=== Section Start ===

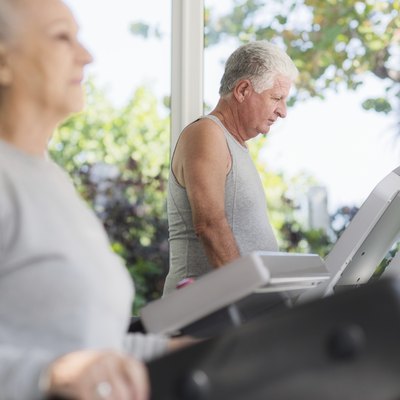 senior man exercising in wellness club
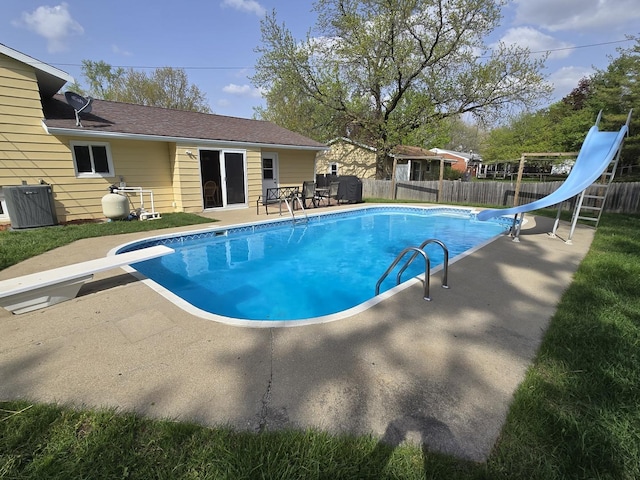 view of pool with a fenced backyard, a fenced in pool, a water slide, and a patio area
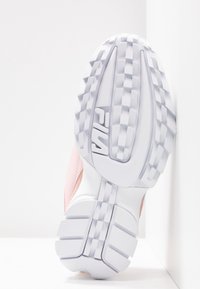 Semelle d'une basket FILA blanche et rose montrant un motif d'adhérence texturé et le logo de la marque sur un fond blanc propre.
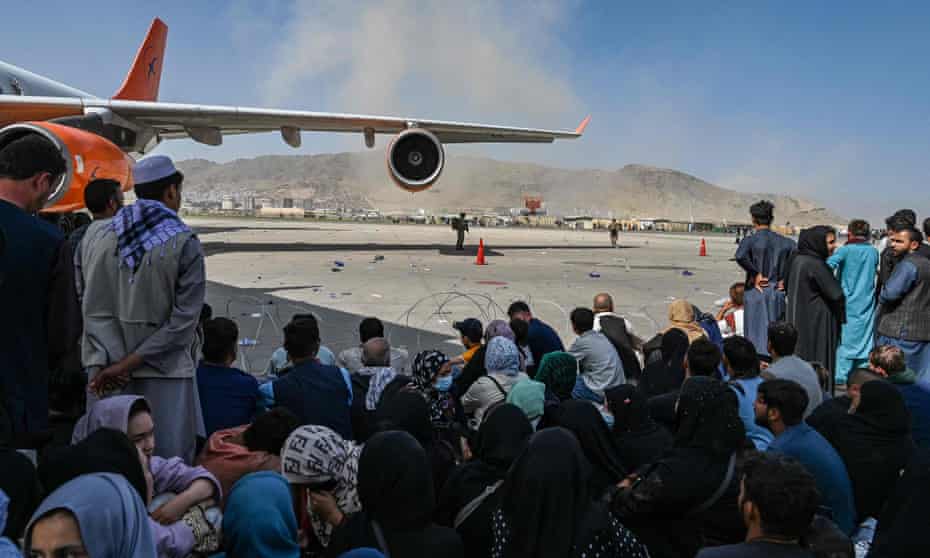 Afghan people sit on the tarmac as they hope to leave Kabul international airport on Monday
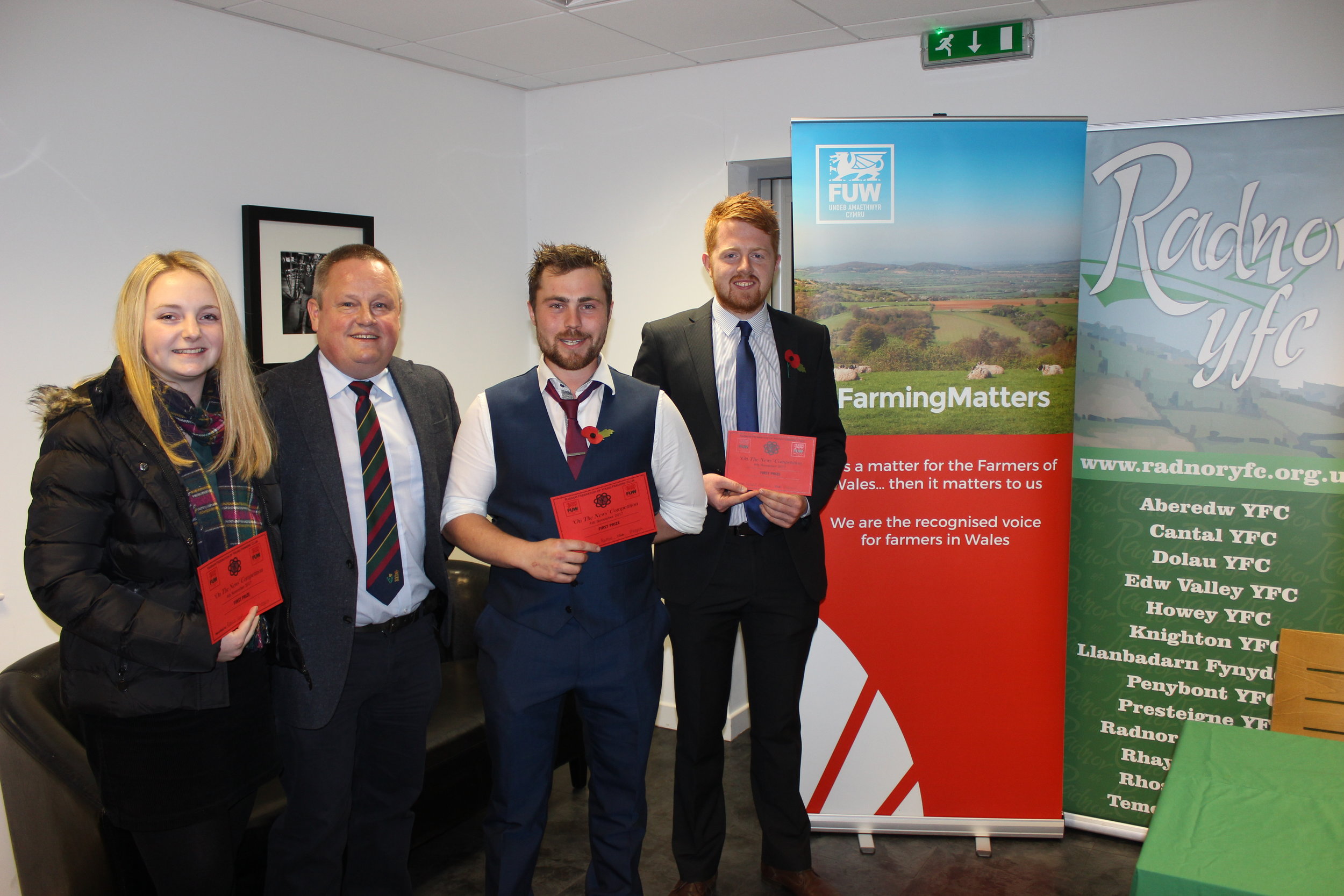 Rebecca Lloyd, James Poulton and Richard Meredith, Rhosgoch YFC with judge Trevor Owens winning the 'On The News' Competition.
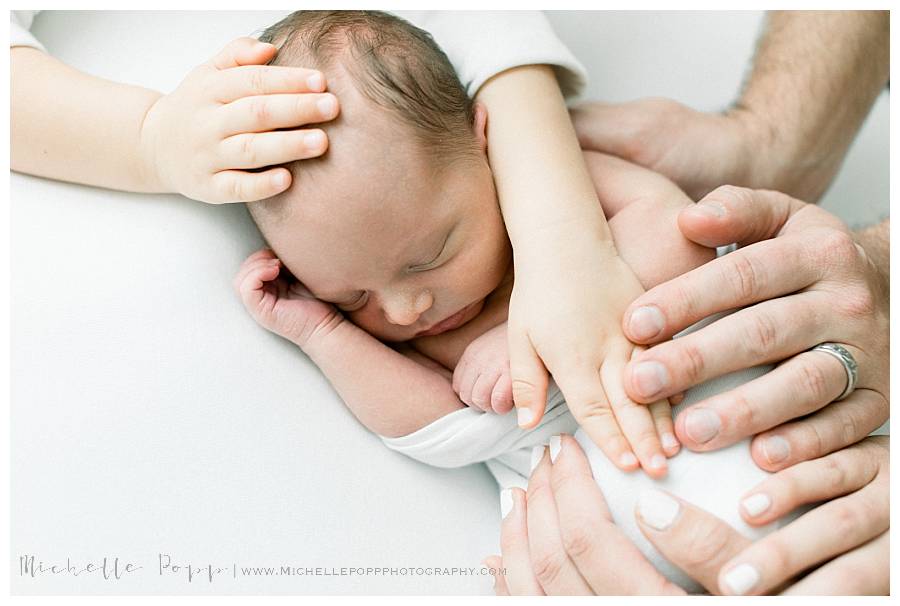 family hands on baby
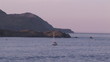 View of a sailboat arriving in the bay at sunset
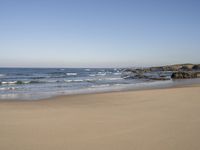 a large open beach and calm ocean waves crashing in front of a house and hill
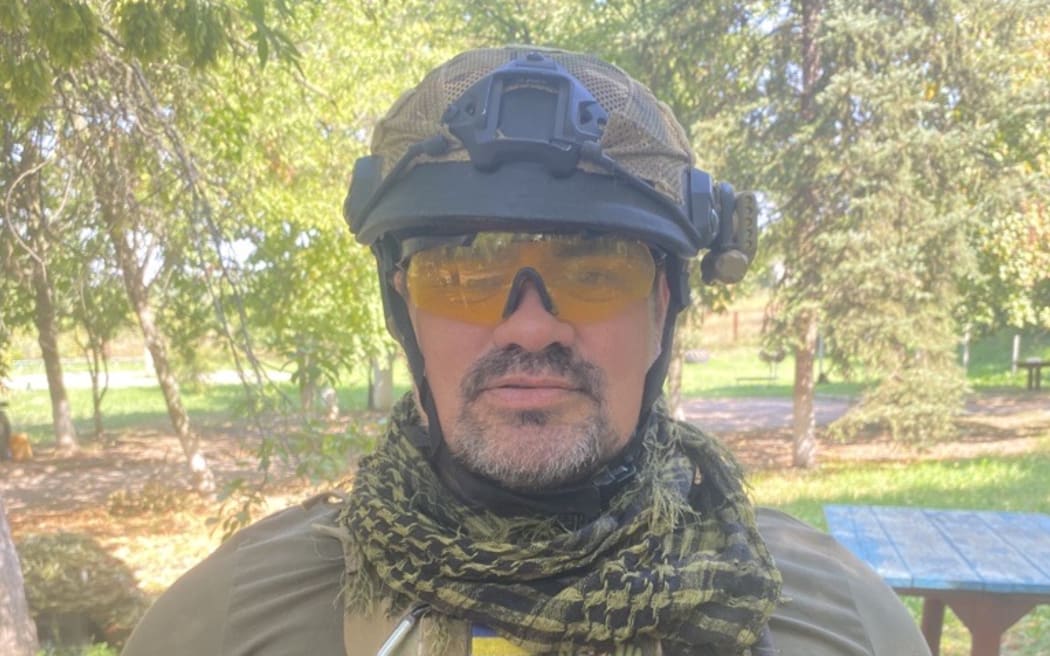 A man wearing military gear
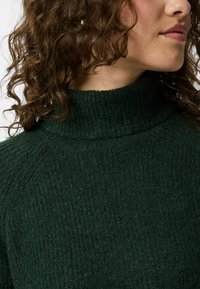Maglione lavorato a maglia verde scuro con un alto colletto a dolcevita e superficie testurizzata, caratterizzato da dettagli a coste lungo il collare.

=== Section End ===

• [Activity] Set the listing down exactly, without its pictures.

• [Answer box]
 senior man exercising in wellness club
 view of pool with a fenced backyard, a fenced in pool, a water slide, and a patio area
 Semelle d'une basket FILA blanche et rose montrant un motif d'adhérence texturé et le logo de la marque sur un fond blanc propre.
 Afghan people sit on the tarmac as they hope to leave Kabul international airport on Monday
 Rebecca Lloyd, James Poulton and Richard Meredith, Rhosgoch YFC with judge Trevor Owens winning the 'On The News' Competition.
 family hands on baby
 View of a sailboat arriving in the bay at sunset
 a large open beach and calm ocean waves crashing in front of a house and hill
 A man wearing military gear
Maglione lavorato a maglia verde scuro con un alto colletto a dolcevita e superficie testurizzata, caratterizzato da dettagli a coste lungo il collare.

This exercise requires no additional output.